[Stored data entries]
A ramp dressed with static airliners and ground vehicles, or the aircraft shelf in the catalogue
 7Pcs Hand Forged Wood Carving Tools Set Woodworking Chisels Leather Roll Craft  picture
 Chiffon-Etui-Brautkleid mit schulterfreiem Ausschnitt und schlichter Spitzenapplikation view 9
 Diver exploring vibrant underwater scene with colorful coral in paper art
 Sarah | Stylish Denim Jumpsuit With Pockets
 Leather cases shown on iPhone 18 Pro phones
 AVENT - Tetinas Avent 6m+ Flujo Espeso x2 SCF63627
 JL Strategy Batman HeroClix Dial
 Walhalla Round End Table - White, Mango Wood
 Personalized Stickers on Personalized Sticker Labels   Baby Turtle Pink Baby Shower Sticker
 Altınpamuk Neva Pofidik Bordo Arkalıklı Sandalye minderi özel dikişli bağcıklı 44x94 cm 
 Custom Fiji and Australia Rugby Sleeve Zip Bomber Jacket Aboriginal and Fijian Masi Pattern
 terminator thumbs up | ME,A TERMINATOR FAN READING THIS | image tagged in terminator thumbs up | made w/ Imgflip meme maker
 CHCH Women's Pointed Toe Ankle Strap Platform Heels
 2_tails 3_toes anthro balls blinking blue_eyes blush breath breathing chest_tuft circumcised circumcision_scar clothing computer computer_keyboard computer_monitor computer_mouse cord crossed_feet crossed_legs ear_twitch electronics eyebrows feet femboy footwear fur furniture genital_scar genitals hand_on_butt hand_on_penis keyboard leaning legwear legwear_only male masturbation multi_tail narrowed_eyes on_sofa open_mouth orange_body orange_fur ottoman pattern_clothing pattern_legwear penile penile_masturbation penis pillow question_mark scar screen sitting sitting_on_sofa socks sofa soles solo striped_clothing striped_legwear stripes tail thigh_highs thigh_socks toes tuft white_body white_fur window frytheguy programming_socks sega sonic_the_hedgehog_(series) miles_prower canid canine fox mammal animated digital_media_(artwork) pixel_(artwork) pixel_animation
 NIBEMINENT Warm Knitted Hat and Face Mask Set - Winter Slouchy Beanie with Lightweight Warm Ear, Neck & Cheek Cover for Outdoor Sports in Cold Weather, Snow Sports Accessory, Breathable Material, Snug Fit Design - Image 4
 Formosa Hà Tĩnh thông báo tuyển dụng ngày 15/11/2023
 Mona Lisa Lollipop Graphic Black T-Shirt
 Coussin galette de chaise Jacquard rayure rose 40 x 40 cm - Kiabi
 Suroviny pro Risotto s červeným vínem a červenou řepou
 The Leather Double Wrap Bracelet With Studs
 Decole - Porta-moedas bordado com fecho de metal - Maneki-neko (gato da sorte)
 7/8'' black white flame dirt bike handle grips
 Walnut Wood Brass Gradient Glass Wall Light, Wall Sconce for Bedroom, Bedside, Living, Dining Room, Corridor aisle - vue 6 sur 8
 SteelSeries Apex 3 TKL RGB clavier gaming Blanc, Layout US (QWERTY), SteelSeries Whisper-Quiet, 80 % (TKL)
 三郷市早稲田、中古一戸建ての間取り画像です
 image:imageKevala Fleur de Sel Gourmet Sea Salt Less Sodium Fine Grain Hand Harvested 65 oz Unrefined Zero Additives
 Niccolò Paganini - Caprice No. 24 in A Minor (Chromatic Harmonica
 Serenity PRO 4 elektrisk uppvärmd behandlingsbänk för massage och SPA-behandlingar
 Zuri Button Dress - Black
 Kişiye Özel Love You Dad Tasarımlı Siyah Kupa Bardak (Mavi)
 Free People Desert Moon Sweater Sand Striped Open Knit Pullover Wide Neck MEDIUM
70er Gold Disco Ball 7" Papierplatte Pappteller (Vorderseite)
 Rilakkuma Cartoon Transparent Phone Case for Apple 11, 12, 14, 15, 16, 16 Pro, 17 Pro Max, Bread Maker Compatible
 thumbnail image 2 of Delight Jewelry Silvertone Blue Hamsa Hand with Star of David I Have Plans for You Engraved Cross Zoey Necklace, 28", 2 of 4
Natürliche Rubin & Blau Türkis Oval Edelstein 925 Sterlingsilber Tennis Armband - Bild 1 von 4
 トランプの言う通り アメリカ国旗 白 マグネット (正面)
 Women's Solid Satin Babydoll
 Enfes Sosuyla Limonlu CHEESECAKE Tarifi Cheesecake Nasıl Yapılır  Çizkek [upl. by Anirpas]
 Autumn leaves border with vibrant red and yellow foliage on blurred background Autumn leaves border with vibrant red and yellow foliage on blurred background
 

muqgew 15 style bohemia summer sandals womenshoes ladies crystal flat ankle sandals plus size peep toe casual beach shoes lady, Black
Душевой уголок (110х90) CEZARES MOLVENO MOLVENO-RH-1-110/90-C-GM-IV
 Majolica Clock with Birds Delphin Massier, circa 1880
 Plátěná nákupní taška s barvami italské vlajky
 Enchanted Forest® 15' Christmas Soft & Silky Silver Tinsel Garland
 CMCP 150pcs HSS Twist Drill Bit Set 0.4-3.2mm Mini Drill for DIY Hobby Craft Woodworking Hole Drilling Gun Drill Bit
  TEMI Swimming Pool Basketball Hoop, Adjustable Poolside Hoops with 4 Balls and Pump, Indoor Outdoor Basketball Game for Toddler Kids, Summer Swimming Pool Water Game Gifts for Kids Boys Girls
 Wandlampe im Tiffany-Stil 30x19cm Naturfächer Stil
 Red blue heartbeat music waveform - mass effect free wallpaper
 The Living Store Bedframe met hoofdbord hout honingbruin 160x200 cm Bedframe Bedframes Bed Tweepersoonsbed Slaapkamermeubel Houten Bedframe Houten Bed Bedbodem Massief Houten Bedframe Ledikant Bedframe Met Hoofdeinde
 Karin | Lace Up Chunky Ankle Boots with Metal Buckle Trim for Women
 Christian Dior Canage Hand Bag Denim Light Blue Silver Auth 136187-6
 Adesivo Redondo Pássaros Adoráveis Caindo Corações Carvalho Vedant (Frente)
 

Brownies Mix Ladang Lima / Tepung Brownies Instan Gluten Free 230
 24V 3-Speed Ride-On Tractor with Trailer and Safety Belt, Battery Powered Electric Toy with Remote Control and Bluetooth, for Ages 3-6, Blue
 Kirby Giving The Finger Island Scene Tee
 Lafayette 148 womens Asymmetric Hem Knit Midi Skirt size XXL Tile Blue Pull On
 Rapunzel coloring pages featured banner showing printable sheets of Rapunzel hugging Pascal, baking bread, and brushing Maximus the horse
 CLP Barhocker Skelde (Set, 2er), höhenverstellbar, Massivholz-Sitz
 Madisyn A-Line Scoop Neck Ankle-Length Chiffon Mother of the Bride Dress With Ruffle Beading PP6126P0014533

▶ **Assignment**:
Please transcribe exactly the lines above from the line that has "thumbnail image 2" up to and including the line that has "Enfes Sosuyla Limonlu"; no other line belongs in the answer.

▶ **Your solution**:
 thumbnail image 2 of Delight Jewelry Silvertone Blue Hamsa Hand with Star of David I Have Plans for You Engraved Cross Zoey Necklace, 28", 2 of 4
Natürliche Rubin & Blau Türkis Oval Edelstein 925 Sterlingsilber Tennis Armband - Bild 1 von 4
 トランプの言う通り アメリカ国旗 白 マグネット (正面)
 Women's Solid Satin Babydoll
 Enfes Sosuyla Limonlu CHEESECAKE Tarifi Cheesecake Nasıl Yapılır  Çizkek [upl. by Anirpas]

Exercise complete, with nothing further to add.